## Brief
Look below for the line holding "Borussia Dortmund Formation 2013" and the line holding "Chiến thuật bóng đá 4-1-4-1 phòng ngự". Transcribe exactly those lines and all lines between them, nothing more.

## Material provided
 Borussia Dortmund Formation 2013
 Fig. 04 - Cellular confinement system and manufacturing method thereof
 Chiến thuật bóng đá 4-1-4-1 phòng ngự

---

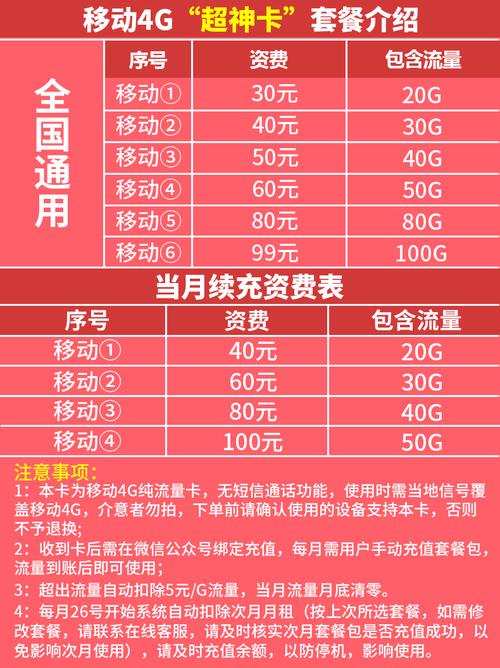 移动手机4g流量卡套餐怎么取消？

## Task result
 Borussia Dortmund Formation 2013
 Fig. 04 - Cellular confinement system and manufacturing method thereof
 Chiến thuật bóng đá 4-1-4-1 phòng ngự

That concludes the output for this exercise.